In this code, we will model the end-to-end error detection process using CRC: Message → CRC Encoding → Transmission (with noise) → CRC Decoding → Error Detection.

Problem statement

In digital communication systems, error detection is critical to ensure data integrity when messages are transmitted over unreliable channels. One of the most widely used techniques is the Cyclic Redundancy Check (CRC), which appends a set of check bits (CRC bits) to the original message so that the receiver can detect whether errors occurred during transmission.
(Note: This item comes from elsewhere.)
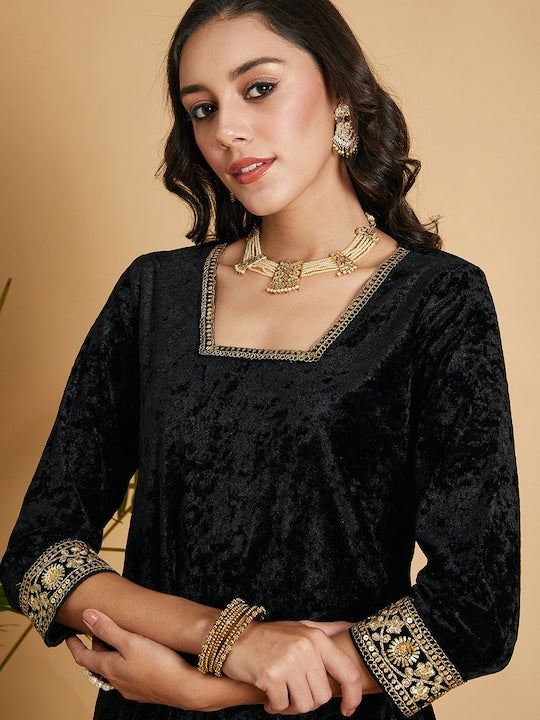 Shae by Sassafras Thread Work Velvet Kurta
This problem involves implementing and simulating CRC-based error detection in C++. The program should:

1. Accept a binary message from the user (e.g., "1101011011") representing the data bits to be transmitted. Use a function to convert the string to vector<bool> internally. Another function should convert the vector<bool> back to a binary string for display purposes.
2. Accept a generator polynomial, i.e., the divisor, (also in binary form, e.g., "10011") used for CRC computation.
   • The generator polynomial must be non-empty and start with 1.
3. Compute the CRC bits by performing polynomial division of the message (padded with zeros) by the generator polynomial. The remainder of this division forms the CRC.
4. Append the CRC bits to the message to create the transmitted codeword.
5. Simulate transmission over a noisy channel by flipping each transmitted bit with a user-defined probability (between 0.0 and 1.0). This models random corruption in the channel.
6. Display both transmitted and received bits to allow comparison.
7. Perform CRC error checking at the receiver side by dividing the received bits with the generator polynomial.
   • If the remainder is all zeros, the data is considered error-free.
   • If the remainder contains any nonzero bits, an error has been detected.

Inputs:

• Message bits (binary string, e.g., "1101011011").
• Generator polynomial (binary string, e.g., "10011").
• Bit corruption probability (floating-point number between 0.0 and 1.0).

Outputs:

• Message length and generator polynomial length.
• Computed CRC bits.
• Transmitted codeword (message + CRC).
• Transmitted bits after corruption and received bits.
• CRC remainder at receiver side.
• Status of error detection (either “CRC check passed” or “CRC check failed”).